Things: Supper of the Lamb

Robert Farrar Capon writes:
     "But if man's attention is repaid so handsomely, his inattention costs him dearly.  Every time he diagrams something instead of looking at it, every time he regards not what a thing is but what it can be made to mean to him - every time he substitutes a conceit for a fact - he gets grease all over the kitchen of the world.  Reality slips away from him; and he is left with nothing but the oldest monstrosity in the world: an idol.  Things must be met for themselves.  To take them only for their meaning is to convert them into gods- to make them too important, and therefore to make them unimportant all together.  Idolatry has two faults.  It is not only a slur to the true God; it also insults true things."

     God loves things.  He loves the world.  So much so that He made His only Son out of atoms and particles.

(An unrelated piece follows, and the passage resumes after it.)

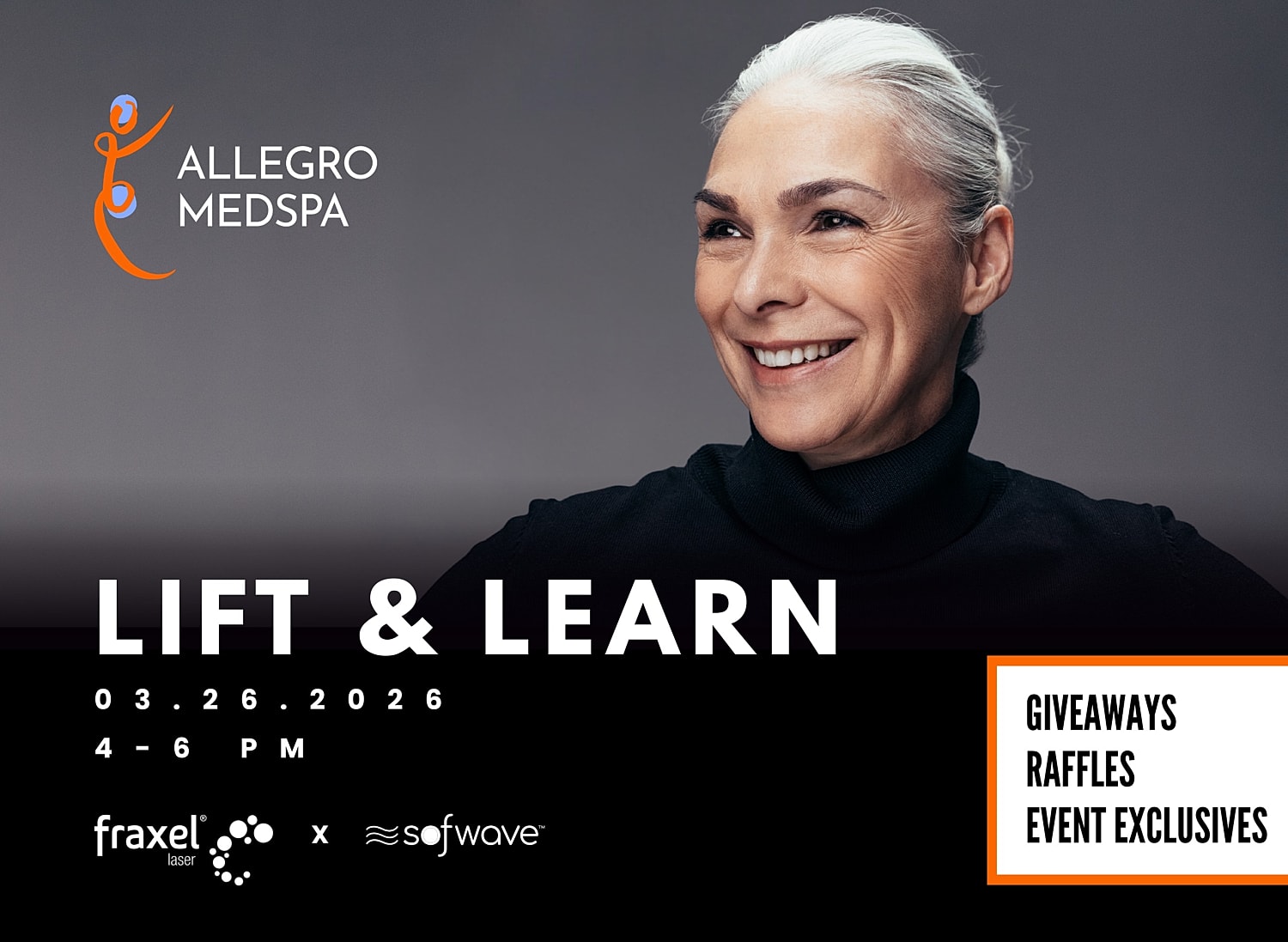 Medspa event promoting skin treatments and giveaways.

Jesus has real flesh forever.  He made oceans, glaciers, mountains and pumpkins.  He said to the potato bug, "be" and there he was.  And not only did God create all things, but He proclaimed that it was all good.  I always liked the scene in The Magicians Nephew where Aslan is calling Narnia into existence.  He is pacing to and fro and singing mountains and valleys into the new world.  I get the picture of Christ, walking through the world and taking thought of rabbits, sycamore trees, bugs and flowers.  He is pleased to make "stuff."  Not one single atom is out of place in the world that God created.  He, in His endless wisdom made all things beautiful and good.  And we, because we were made in His image, are called to be like Him.  We are called to beautify the world with "stuff."  This may mean baking a really good batch of cookies, or planting a nice garden.  It could be creating wonderful music, or writing poetry.  It means that the mess that the children leave on the living room floor is beautiful too, because they bare His image and create instinctively.
      The philosophers are huge on "forms," or nebulous floating things that cannot be explained or defined.  They love to argue that true wisdom and beauty are "above" the physical creation.  Sad, so so sad.  Who wakes up in the morning and say's...."well, I love the idea of my wife, but she may or may not exist?"  All the while she is laying next to you in bed.  God, the Holy Trinity, does not operate this way.  He is concerned with physical stuff and He made a whole lot of it.  True spirituality comes from God, and He say's....."look at the lilies in the field, and learn from that."  Have we considered the lilies today?????